RESEARCH: ESP32/ESP-WROOM-32 Development Board with 0.96" OLED Display - by MELIFE

ESP32.jpg

This is a nice ESP32 development board with a built-in 0.96” OLED display. ESP32 is 10x faster than the 8bit Arduino Uno and has dual core 160 MHz processor and onboard WiFi and Bluetooth.

  • Development board is based on ESP-WROOM-32

  • 0.96” OLED display; 2.4GHz Dual mode WiFi; Low power Bluetooth

  • Note: This is a small compacted dev board - however the footprint is slightly wider than the standard ESP8266. This causes problem with the standard breadboard not able to support its wider size. There are various breadboard hacks to support the usage with the ESP32 (e.g. I like to remove the power rails on the both side of the breadboard and moving it inward which keeps the overall footprint of the breadboard while being able to support the ESP32)

Description

References - from the user feedbacks and questions

  • External vin voltage (external power) - voltage for USB is 5V; voltage for the external power supply is 3.3V

  • GPIO 0 - pin 0 may not have been brought out.

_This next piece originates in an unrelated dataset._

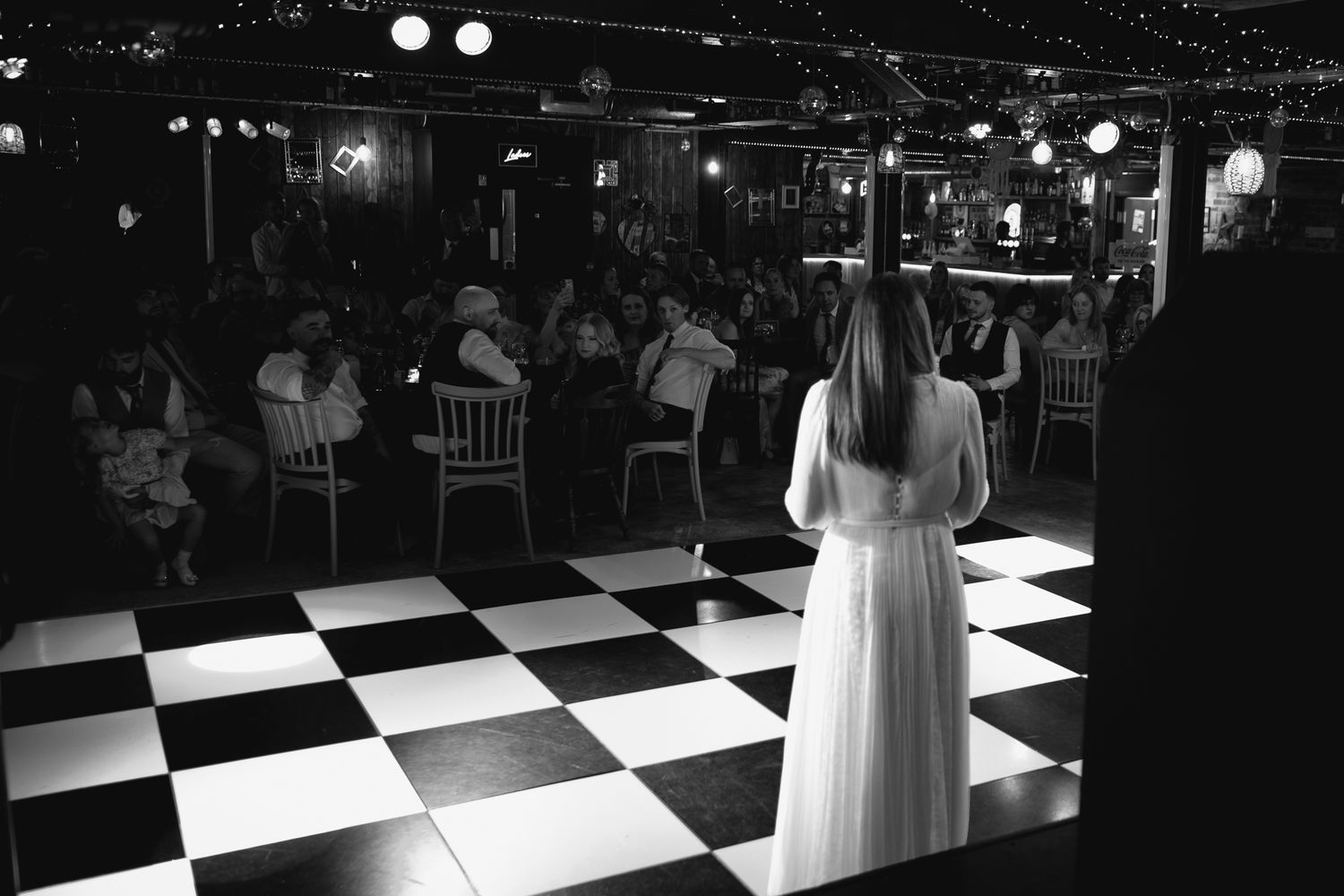 Bride stands on black and white checkered dance floor facing seated wedding guests in elegant venue.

  • To upload from the Arduino IDE

    • oppose to the ESP8266, to upload, you need to keep the “Boot/Flash” button pressed until the upload begins, then release it. Otherwise, the upload fails. (NOTE: this may be unique to this board compared to other ESP32 - hold down the boot button before uploading arduino sketch & once the ide connects, release button)

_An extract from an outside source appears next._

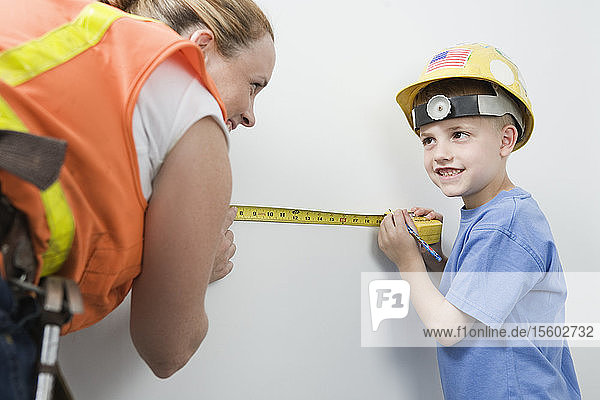 View of a woman and boy measuring wall with tape measure.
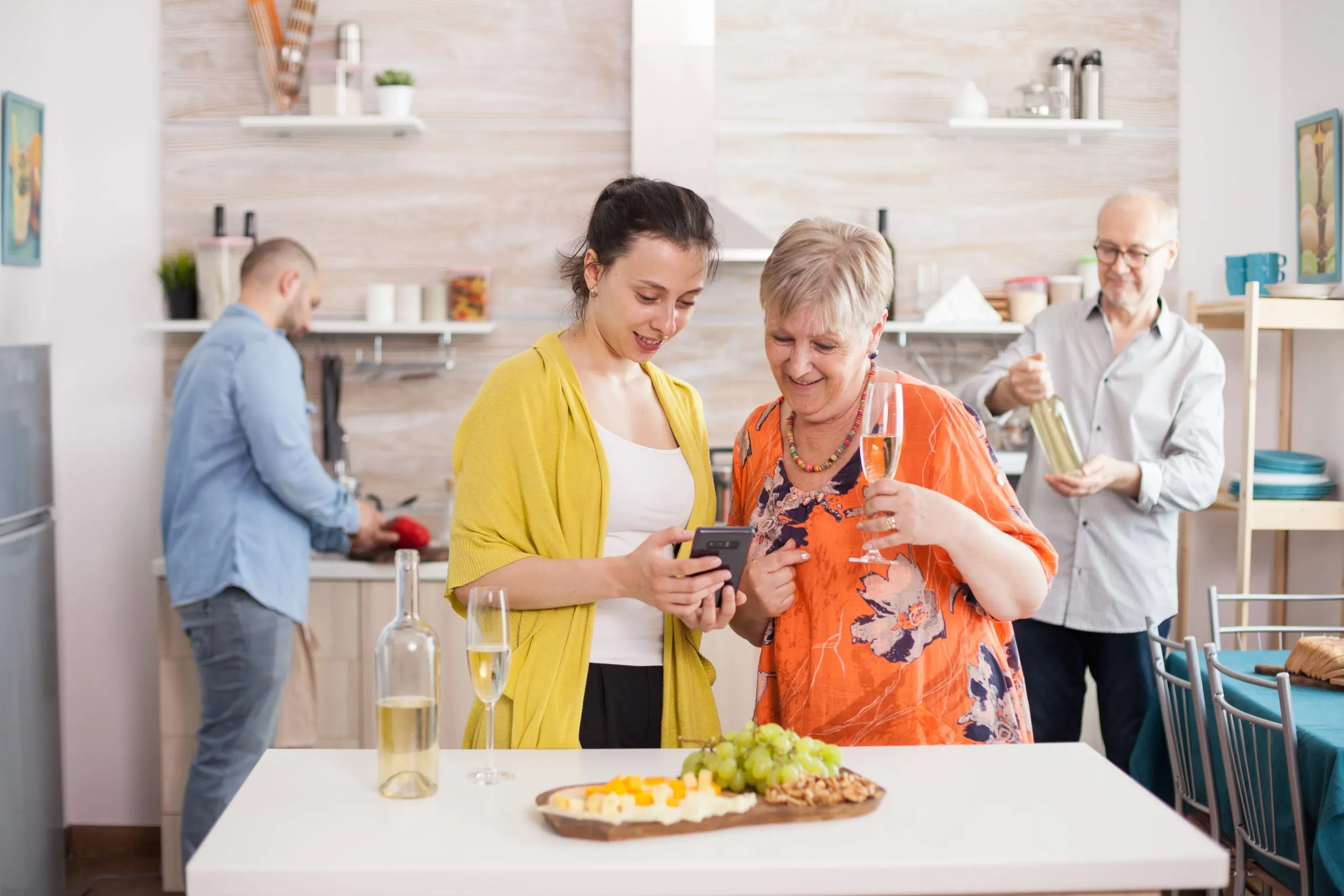 India Home Care Market Outlook to 2035 mother-daughter-browsing-smartphone-kitchen-family-brunch-senior-woman-holding-glass-white-wine-tasty-appetizer-scaled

    • Select the Arduino board as “generic ESP32 dev module” in the Arduino IDE. Example of the IDE 1.8.5

      • ESP Dev Module

      • Flash Mode: QIO (may need to use DIO, see below)

      • CPU frequency: 240MHz (WiFi/BT)

      • PSRAM: disabled

      • Flash Size: 4MB (32Mb)

      • Partition scheme: default 4MB with spiffs (1.2MB app/1.5MB SPIFFS)

      • Flash frequency: 80MHz

      • Upload speed:921600

      • Core debug level: none

      • Port: depends on your PC (COM4 for mine)

  • Trouble getting the OLED display to work

    • https://www.amazon.com/gp/customer-reviews/RD421PUEIYTR5/ref=cm_cr_dp_d_rvw_ttl?ie=UTF8&ASIN=B07SN3GJ2R

      • Ended up finding the solution in the comments of the HiLetgo version of this board. Copy/Paste:

      • To initialize the OLED display, use: "SSD1306 display (0x3c, 5, 4)

      • This was using an example sketch in Arduino IDE.

      • MacOS users may have a lot of trouble getting the computer to see it as a serial device even after installing the new & legacy SLI Labs USB to UART drivers, and trying various USB-A to C cables and adapters. You may try using a USB hub instead of a straight cable or adapter and/or connecting the board to the Macbook through a USB-C dock

  • Pin Mapping - NOTE: This version of the ESP32 board may have different pin mapping than the standard NodeMCU-32S ESP32 dev board. This means your Eagle footprint and wiring diagrams must be adjusted. (NOTE: the ESP32 dev boards seem to come in 2 varieties: 36 pin and 30 pins (this board comes with 30pins)

  • PROS

    • Pin Labels are on top of the board (vs NodeMCU-32S boards have the labels on the bottom of the board, so when the module is plugged into a breadboard, you cannot see the labels)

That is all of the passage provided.